Dilma avalia que seu governo deu “um pequeno passo” em direção à redução da desigualdade no Brasil ao distribuir renda. “Não conseguimos atacar a distribuição da riqueza, que continua concentrada”. Para ela, esta seria uma segunda etapa dos governos democráticos e populares, daqui pra frente. Ela falou sobre como o mundo vem tratando a cobrança de impostos dos mais ricos. Um elemento colocado como importante para definir a concentração da riqueza.

Para além da distribuição de renda, Dilma avalia que conseguiu resultados ao permitir maior acesso ao serviço público, antes inacessíveis aos grandes contingentes de brasileiros. Ela falou do acesso à casa própria por meio das quatro milhões e 100 mil casas feitas pela primeira vez no país. “Nosso povo começou a viajar de avião, o que não fazia antes. Tudo isso, não só pelo bolsa família, mas pela valorização do salário mínimo”, afirmou, mencionando as políticas de acesso à educação e a estratégia para os royalties da exploração do pré-sal.

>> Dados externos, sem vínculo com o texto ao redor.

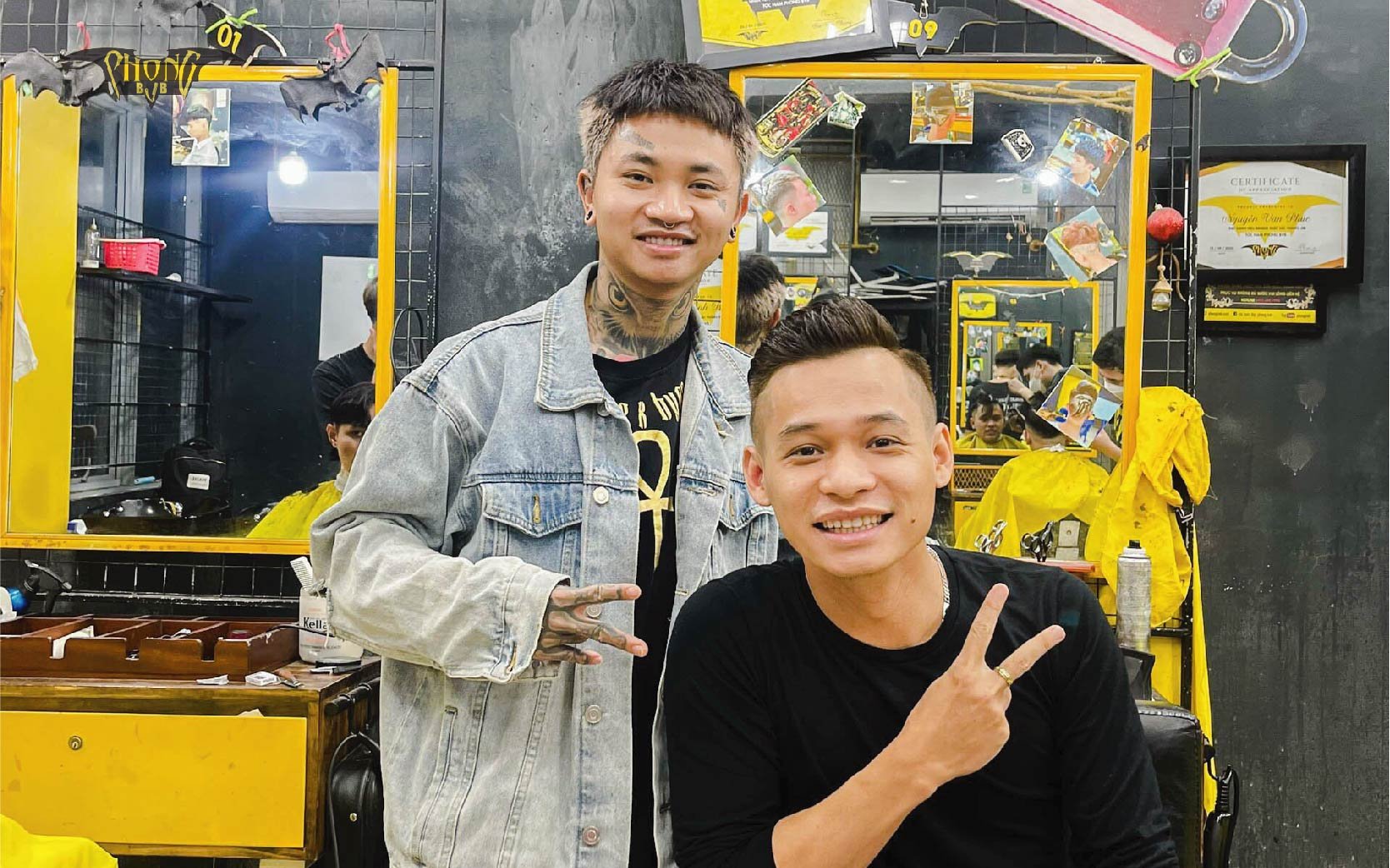 Sốc! Cắt tóc 1,5 đô tại cơ sở 19 Nguyễn Công Trứ nhân dịp khai trương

Dilma apontou o momento em que a direita começa a interromper esse processo descrito por ela. Houve uma desaceleração profunda da economia, em meados de 2015, desde a derrubada dos preços das commodities, a desvalorização do dólar pelo governo dos EUA, matando indústrias e diminuindo empregos. Junto com isso, o Brasil tem uma das maiores secas, o que elevou o preços de alimentos e energia. Este é o cenário que a oposição precisava para dar início à desestabilização do governo com apoio da mídia.

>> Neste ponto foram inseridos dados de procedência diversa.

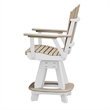 OS Home and Office 130-C-WWWT Counter Height Swivel Arm Chair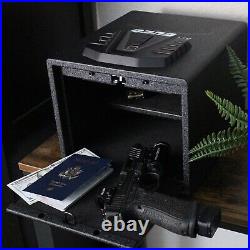 RPNB Gun Safe, Quick-Access Firearm Safety Device, Biometric Fingerprint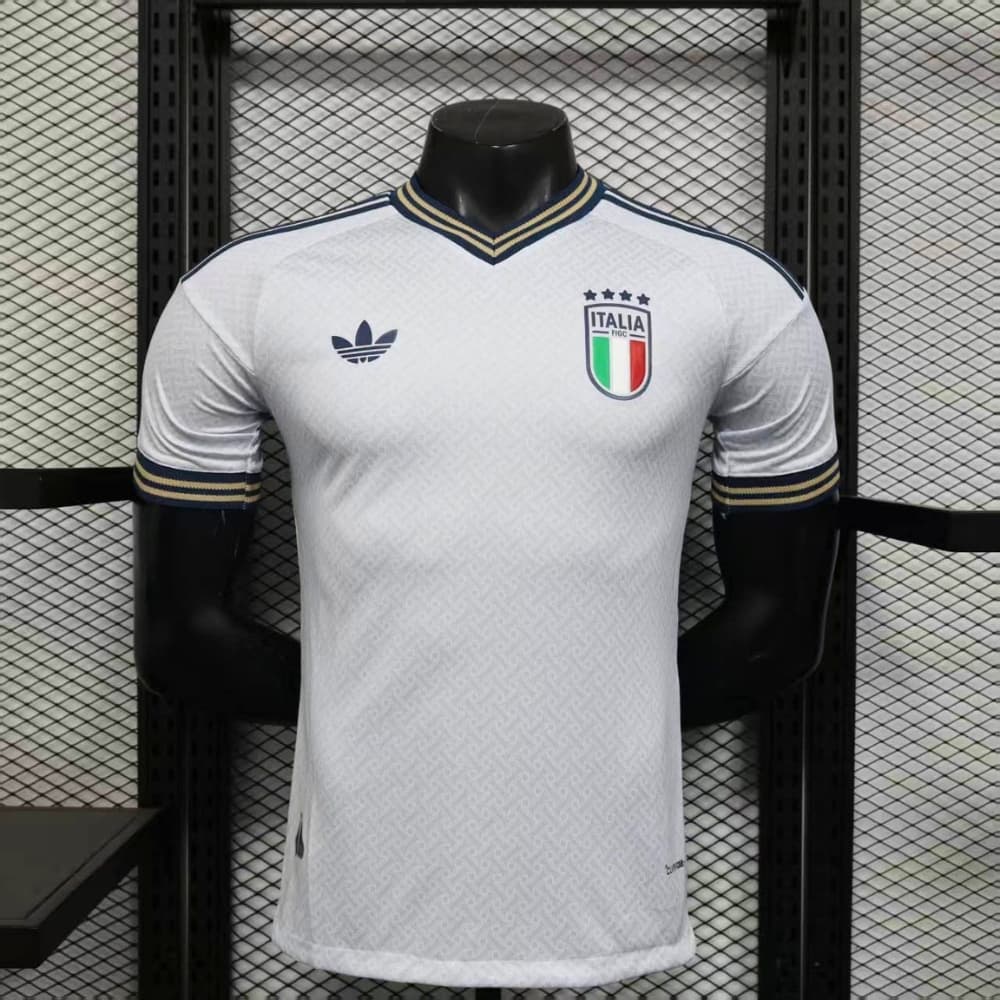 Italia Home 2026 Player Version - Short Sleeve Lengan Pendek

“Começa uma crise política inicialmente sorrateira. Não tinha a dimensão que imaginávamos”, admitiu Dilma, revelando que não acreditava no sucesso da desestabilização. Ela lembrou que o início foi dado com o pedido de recontagem dos votos, a auditoria nas urnas, e, posteriormente, o pedido no Tribunal Superior Eleitoral para ela não ser diplomada. “Desta forma, outro elemento que comprometeu a economia foi a crise política”.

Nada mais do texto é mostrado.